Jumpers Cinema opened in 1973, when residents began leaving drive-ins in favor of suburban theaters that turned into teen-agers' hangouts. But by the mid-1980s, as the orange walls began to fade and patrons began heading to newer theaters with neon lighting inside malls, Jumpers, like dozens of other theaters, turned discount. The Northpoint Plaza 4 in Dundalk, which followed suit, closed last summer.
By the early 1990s, even with the heavy ticket discount, the crowds had disappeared. Two theaters in Bel Air and one in Reisterstown Road Plaza are the area's only remaining discount theaters.
Charles Hill, manager of Premier Cinemas in the Reisterstown Road Plaza, said they're following the same pattern as other theaters, just a little behind schedule. Six months ago they became a discount theater, but they are hoping that with all the competition dropping out they can make it work.

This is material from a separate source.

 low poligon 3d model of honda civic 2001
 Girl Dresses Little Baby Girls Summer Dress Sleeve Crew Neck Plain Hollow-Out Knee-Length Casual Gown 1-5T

"Once they built the megaplex at White Marsh, that theater set the tone for theaters all over Baltimore," Hill said. "Theaters that charge $7 or more have to have digital sound, stadium seating, like a premier. When we charged $6.25, people said, 'I can pay 75 cents more and get all that.' "
News of the closing made some patrons on a recent night at Jumpers Mall nostalgic for the years they spent there on dates or laughing with their children. For all the flash of the new theaters, they said, the one thing the discount theaters always offered was the promise that all could afford a show.
"I would like to see someone take a drive-in theater and make it a historical landmark," Steve Schottroff said on his way into the theater. "And maybe we should save a few of these theaters, too, just so others can see how the regular people lived."